*TASK DESCRIPTION*: Could you please output all of the data exactly, without the images?

*DATA*:
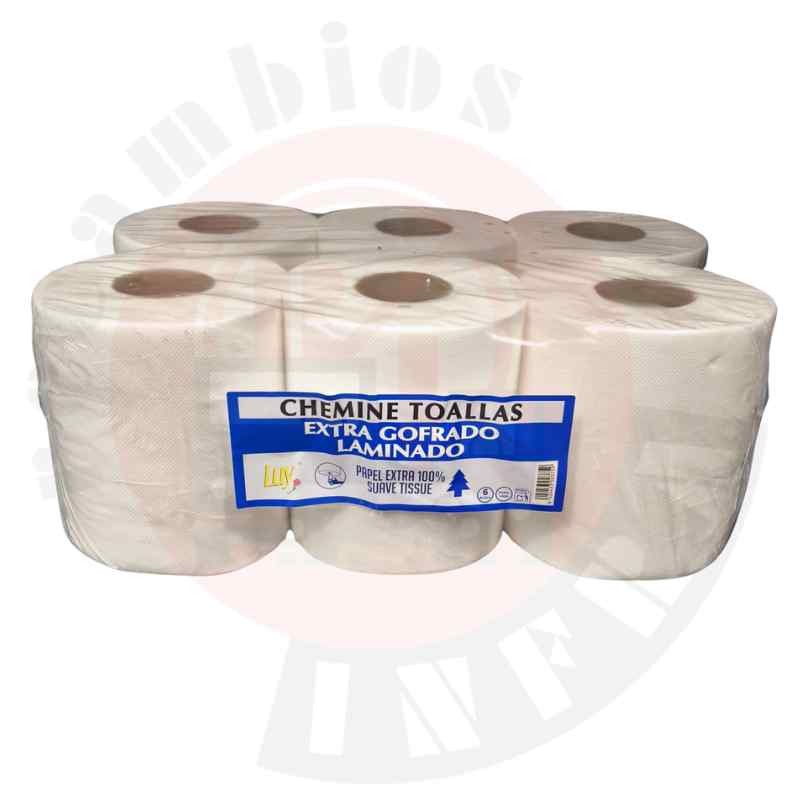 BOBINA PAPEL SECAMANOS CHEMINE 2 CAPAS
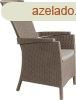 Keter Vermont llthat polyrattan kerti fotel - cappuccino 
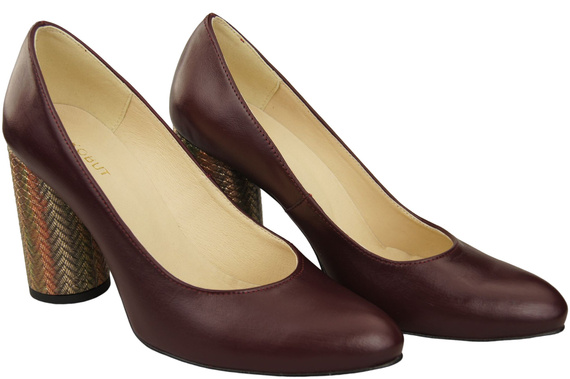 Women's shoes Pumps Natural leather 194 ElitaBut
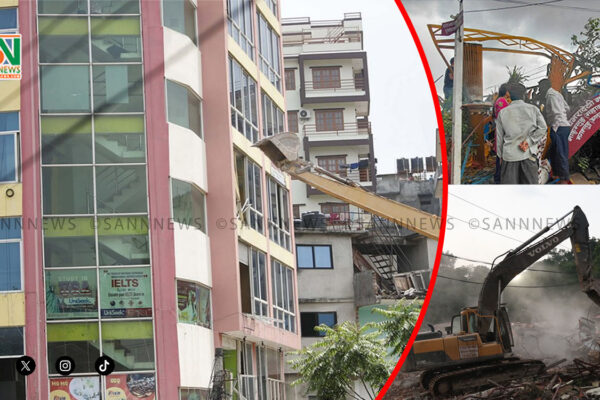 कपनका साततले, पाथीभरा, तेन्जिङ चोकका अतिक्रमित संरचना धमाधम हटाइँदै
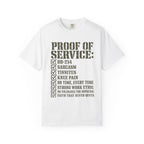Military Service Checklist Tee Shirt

*ANSWER TO THIS EXERCISE*:
 BOBINA PAPEL SECAMANOS CHEMINE 2 CAPAS
 Keter Vermont llthat polyrattan kerti fotel - cappuccino 
 Women's shoes Pumps Natural leather 194 ElitaBut
 कपनका साततले, पाथीभरा, तेन्जिङ चोकका अतिक्रमित संरचना धमाधम हटाइँदै
Military Service Checklist Tee Shirt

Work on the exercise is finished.